Law of Large Numbers

Motivation: why this matters in quant finance

Every Monte Carlo price, every backtest mean, every empirical volatility estimate, every time a risk manager says "we ran

10^6

paths and got a stable answer" — all of it rests on the Law of Large Numbers (LLN). The LLN is the formal statement that averaging large numbers of independent draws from a distribution gives you back the true mean of that distribution. Without it, Monte Carlo pricing would produce nothing more than expensive random numbers.

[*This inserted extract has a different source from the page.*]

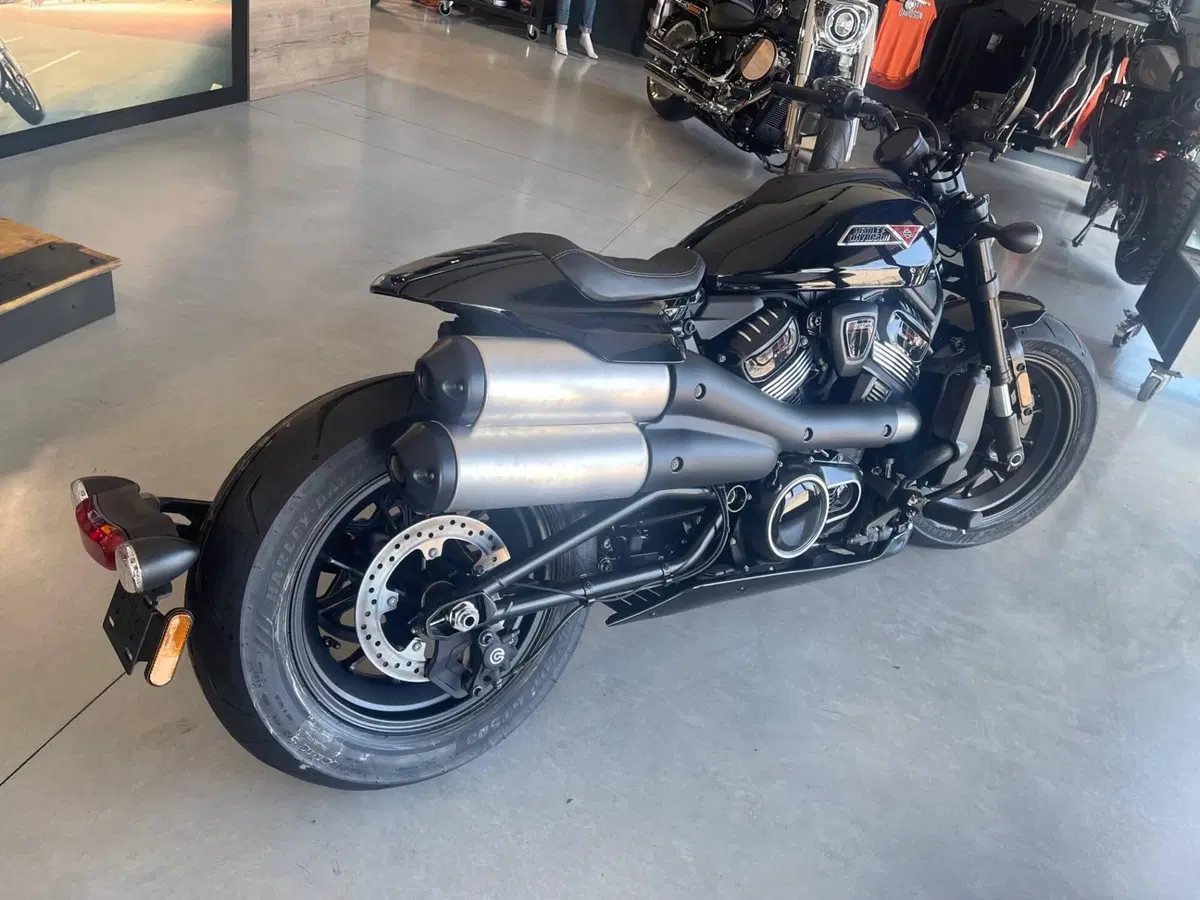 Harley-Davidson Sportster S (2025 - 26) (4)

The LLN is also the bedrock of frequentist probability itself. When we say "the probability of heads is

0.5

," what we operationally mean is: if we flip the coin a huge number of times, the proportion of heads will approach

0.5

. That statement is the LLN applied to indicator random variables. Every p-value, every long-run VaR exceedance rate, every bookmaker's implicit break-even calculation comes from this.

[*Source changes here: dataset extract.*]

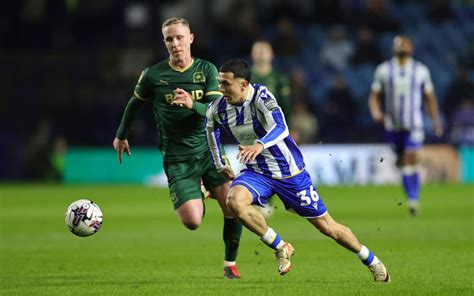 Shocker Officials Blasted Over Key Moment In Sheffield Wednesday V Plymouth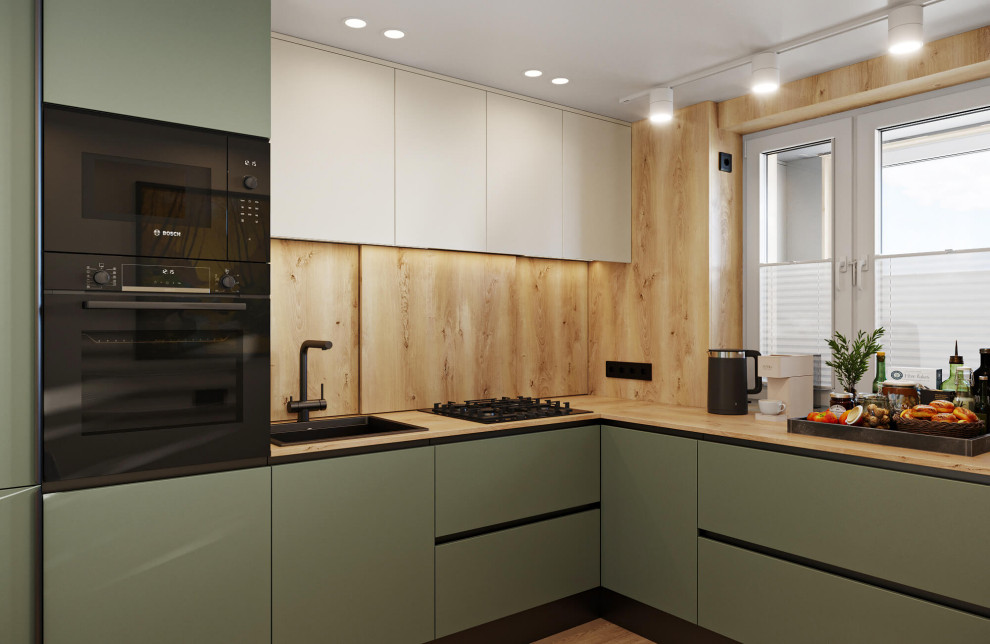 Квартира 55 кв.м. г. Ставрополь 28102024 Кухня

But the LLN has a sharper edge than its sloganeering suggests. It tells you the sample mean converges, but says nothing about how fast — that job falls to the Central Limit Theorem. And it fails silently for distributions without a mean (Cauchy, certain heavy-tailed Pareto). Knowing when the LLN applies — and the precise sense in which it applies (in probability vs. almost surely) — is the difference between a Monte Carlo scheme that works and one that only looks like it does.

The informal idea

Take an i.i.d. sequence $X_1, X_2, \ldots$ with finite mean $\mu$ . Form the running sample mean:

\bar X_n = \frac{1}{n}\sum_{i=1}^n X_i.

The LLN says $\bar X_n \to \mu$ as $n \to \infty$ . The " $\to$ " hides a choice of convergence mode. The two versions are:

Weak LLN: $\bar X_n \to \mu$ in probability: $\mathbb{P}(|\bar X_n - \mu| > \epsilon) \to 0$ for every $\epsilon > 0$ . At any large but fixed $n$ , the sample mean is almost certainly close to $\mu$ , but we cannot make claims about the whole trajectory $\{\bar X_n\}_n$ .
Strong LLN: $\bar X_n \to \mu$ almost surely: $\mathbb{P}(\lim_{n\to\infty} \bar X_n = \mu) = 1$ . The entire trajectory converges, not just its marginals at each fixed $n$ .

The strong LLN implies the weak LLN, but not conversely. For finite-mean i.i.d. sequences, both hold — but the weak version can sometimes be proved under weaker moment conditions.

Why independence and why finite mean

Finite mean is essential. If

\mathbb{E}[|X|] = \infty

the LLN fails. The Cauchy distribution is the canonical failure: it has no mean, and

\bar X_n

itself is Cauchy for every

n

, so it converges to nothing.

Independence can be weakened. The LLN holds under much weaker conditions than i.i.d. — pairwise uncorrelated is enough for the

L^2

weak LLN (Chebyshev's LLN); asymptotic independence is enough for ergodic processes; martingale difference sequences have their own LLN. But some form of asymptotic independence is always required — the LLN fails catastrophically for a sequence that is the same random variable over and over (

X_i = X_1

for all

i

gives

\bar X_n = X_1

forever).

Formal statement

Weak Law (Chebyshev's form — finite variance)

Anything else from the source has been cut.